GATE IIT Training Institute, India

Title: Companion Bot

Time : 16:15-17:00

Biography:

Suranjana Trivedy is currently a Faculty in GATE IIT Training Institute, India. She was Research Scholar in IIIT Hyderabad. Her current research interests are in the area of artificial intelligence, building intelligent system, robotics, autonomous vehicle and UAV.

 

Abstract:

The aim of the project is to build an intelligent naturally dialog-able machine, which can talk with the depressed and lonely older people and can finally become their true companion.
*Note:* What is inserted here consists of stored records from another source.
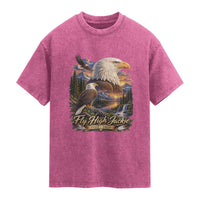 Fly High Jackie Bald Eagle Memorial Washed Cotton T-Shirt Scenic Mountain Sunset Lake Nature Graphic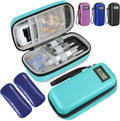 Insulin Cooler Travel Case, Portable Temperature Display Medicine Travel Cooler, Diabetes Case with 2 Reusable Ice Packs TSA Approved for Diabetic Supplies Patent Pending(Seafoam)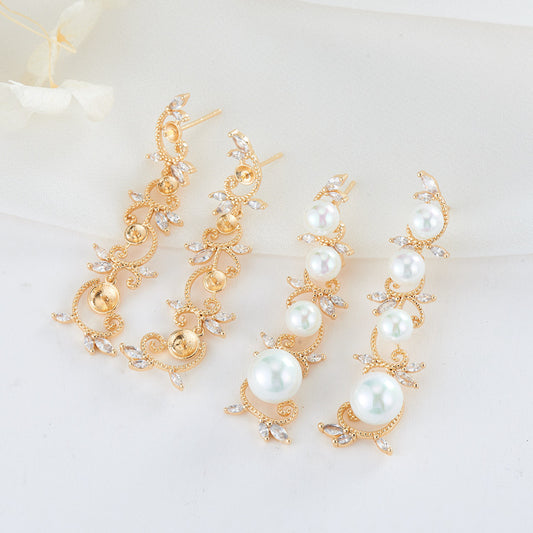 4 Floral Branch Stud Earrings Rhinestone Embellished 14K GF Earing Half Drilled Pearl Bead Blank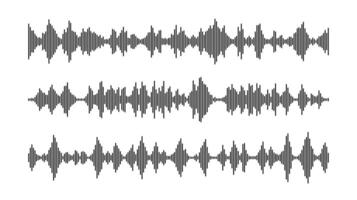 Black sound wave bars set. Music, podcast, audio track samples or voice messages. Equalizer elements collection. Diagram, chart or signal concepts vector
Specifically, the research goal was to build an automatic system to understand multimodal emotion, including facial expressions, speech tone and the linguistic emotions. For that purpose we used semi-supervised learning methods, standard Natural Language Processing (NLP) (uni-gram) and Information Retrieval (IR) Term-Frequency Inverse-Document-Frequency (TF-IDF) techniques to analyze emotion from text. We have extracted emotion from facial images. Overall aim is to create intelligent companion bot.